For me, the course provided the preliminary skills and confidence to pursue the video projects that Kristina and I began 20 years ago — with my Doukhobors and her Bulgarians. Thank you Peter!

Useful Resources
  1. RSAnimate is a professionally clean animated video for explaining a complicated message.
  2. Storify is a Social network service that lets the user create stories or timelines using social media such as Twitter, Facebook and Instagram.
  3. Highrise in the World is an Emmy-winning, multi-media, collaborate documentary experiment by the National Film Board of Canada that explores vertical living around the world.
  4. Out My Window is an interactive NFB interactive documentary, open-source film, unlike any you have seen before. Katherine Cizek, the director, put it together over the course of years. You choose where and when you want the stories (49 in total) to begin and end.
  5. Transcend Media Service is a valuable free subscription service from the Johan Galtung group in Norway with weekly stories from around the world. Select videos are listed every week.
  6. Videomaker Magazine is a monthly magazine which covers the use of camcorders, desktop video, editing, lighting, and audio production for novice and expert videographers.
  7. Welcome to Pine Point is an interactive web documentation for the NFB Interactive about a northern town that closed in 1988, and was subsequently demolished.
  8. Adobe AuthorWare7 is an interactive training course for e-learning.
  9. Thoughtmaybe website is an excellent online repository of films covering topics challenging modern society, industrialized civilization and globalized culture.
  10. i-Docs is an exceptional online site for people interested in interactive documentaries, where you can learn, reflect and expand your understanding of the field.
  11. Peter Biesterfeld's Doc-School has helpful links to a number of interactive sites for documentary filmmakers: NFB, HotDogs Library, The Documentary Organization of Canada, Mastering documentary interviews, Chronology of Documentary History, and BBC New Technology on changing how a documentary ends.
See my photo album about the first 10-day DocSchool.

4 comments:

  1. I'll be looking forward to seeing your edited product.

    ReplyDelete
  2. Hello Koozma,

    It was a delight to work with you and Kristina. Thank you kindly for your hospitality and enthusiastic collaboration on all the DocSchool projects. Your photographic instincts shine through in your excellent videography work on Cinema Academica and WAM. Looking forward to leveraging a most constructive DocSchool Roadshow #! Ottawa edition by sustaining our new relationships and building a doc media community around activism and education.

    Thank you for sharing this very personal account Koozma. Wishing you and Kristina all the best on your Bulgarian and Doukhobor adventures.

    Sincerely,

    Peter Biesterfeld
    Founder, instructor
    DocSchool

    ReplyDelete
  3. Thank you Koozma. I have been wanting to do this for years and will see how I can, as Jan says above, "fit learning to make films into my life". Thank you for the inspiration. I met a wonderful film/video-maker yesterday and we plan to collaborate as well.

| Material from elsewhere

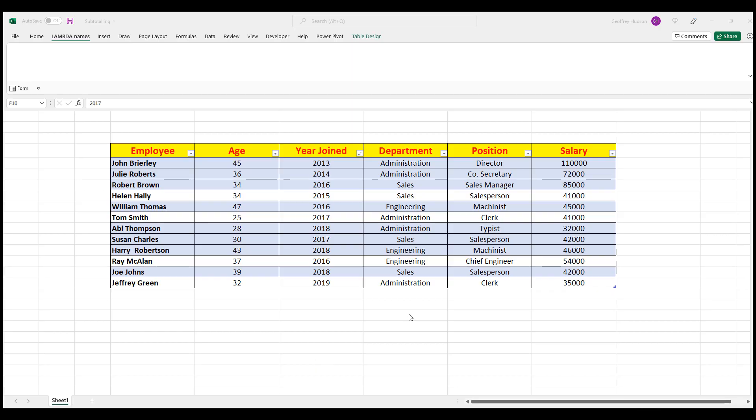The data you see here has been converted to a table. But the data must be reconverted to a non-table as the Subtotal function is not available in tables. That is, until the Subtotal procedure is completed.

As you say Koozma, this is an important tool that we must make better use of in our efforts to make this world a better place. Congratulations!!

    ReplyDelete
  4. How interesting. I "know" Koozma as a fellow conscientious objector and Ken because of the climate justice fast he and others (including Lyn Adamson) did. I'm not sure if I could possibly fit learning to make films into my life now, but I would love to.